2. Therasense, Inc. 対
Becton, Dickinson & Co.事件

Nos. 2008-1511, -1512, -1513, -1514, -1595 (January 25, 2010)

- 対応外国出願で行った米国出願と矛盾する主張はフロードになりえる -

アボット(旧社名はTherasense)は、何名かの被告に対し、使い捨て血糖試験紙に関する特許権を行使した。
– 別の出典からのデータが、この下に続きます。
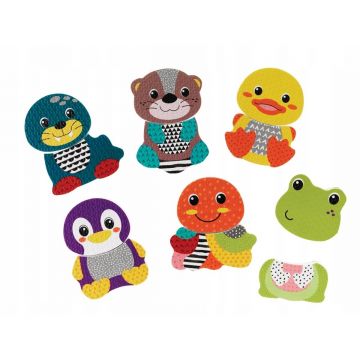Set 6 stickere cu adeziv pentru baie, B Kids, Animalute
アボットの特許は、電極を覆う膜を用いずに、全血(いかなる成分も除去されていない血液)を検査するための電気化学センサーを備えた試験紙をクレームしている。

その特許の審査手続での中心的問題は、先行技術が、全血用の膜を用いないブドウ糖センサーを開示しているか否かであった。
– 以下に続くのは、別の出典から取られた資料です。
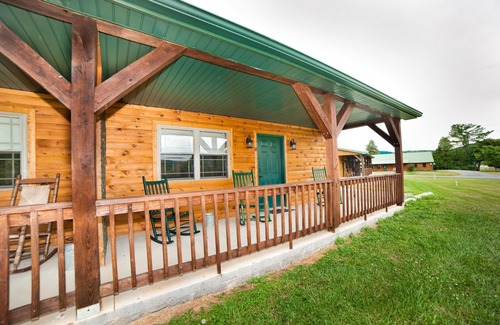 Flintstone Ski Chalet | 1/2 of a double cabin with two queen beds (sleeps 4).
特許を得るために、アボットは米国特許商標庁(以下、USPTO)に対し、先行技術は、膜を使用しない全血センサーを教示していないと主張した。

アボットは、先行技術が他の種類の流動体に使用される膜のない試験紙を開示、クレームしていることに対して異議を唱えなかったが、先行技術では社会通念上、血液の検査に膜は不可欠と考えていたと主張した。

審査官との面接においてアボットの代理人は、「(審査官に対し)(先行技術が)全血用に設計された活性電極は、保護膜を必要とすることを教示していると」指摘した。そこで、審査官はアボットが発明の時点において、そのような膜が(全血には)不可欠であったことを示す宣誓供述書または他の証拠を提出すれば、先行技術による拒絶を撤回することに同意した。

この同意に従い、アボットはUSPTOに対し、膜のないセンサーに関する先行技術中の文言は、全血を包含するように解釈されるべきでなく、当業者であれば「全血サンプルに使用する場合、酵素と媒体により構成される活性電極には保護膜が必要と感じただろう」とする専門家証言を提出した。

しかしながら、地方裁判所によって認定され、CAFCによって言及されたように、アボットはヨーロッパ特許庁(以下、EPO)に対し、係争中の米国特許の対応ヨーロッパ出願に関連して、先行技術の教示に関し直接的に矛盾すると思われる説明を行い、その上、アボットはUSPTOに対し、それらの矛盾した説明を開示しなかった。

例えば、アボットの専門家はEPOに対し、全血用であれば膜は任意とされること、及び「好ましくは生体内測定に用いられる、係争中の特許権における保護膜の目的は、使用中に粒子が抜け落ちる(原文のまま)ことを防止するための安全な測定であり、基板に対する浸透性の制御ではない」ことは「絶対的に明らか」であると主張した(CAFCの強調)。

CAFCは、アボットがそのような矛盾した供述をUSPTOの審査官に差し控えたことは、USPTOに対する出願人の誠実義務の甚だしい違反であると認定した。すなわち、「重要でないとの理由で、審査官にEPOでの供述、USPTOに対するアボットの説明と全く正反対の供述を与えないことは、開示義務を骨抜きにする。更に、もし仮に、実際そうではないが、これが結審した事件であると見なされたら、我々は、開示義務は問題となっている資料が出願人によって差し控えられるのではなく、むしろ審査官に提出されるべきであることを要求していると繰り返し強調する」としたのである。

CAFCは更に、欺く意図があったとした地方裁判所の判決を支持する実質的な証拠を認め、よって、アボットの特許権は不正行為のために行使不可能であるとする地方裁判所の判決を支持した。

この事件は、様々な法域においてなされる供述がお互いに一致するようにするため、同じまたは類似する主題に関連する特許権の世界的な審査における協調の重要さを明らかにした。この事件は更に、審査における米国審査官に対する完全な資料情報開示の重要性を強調している。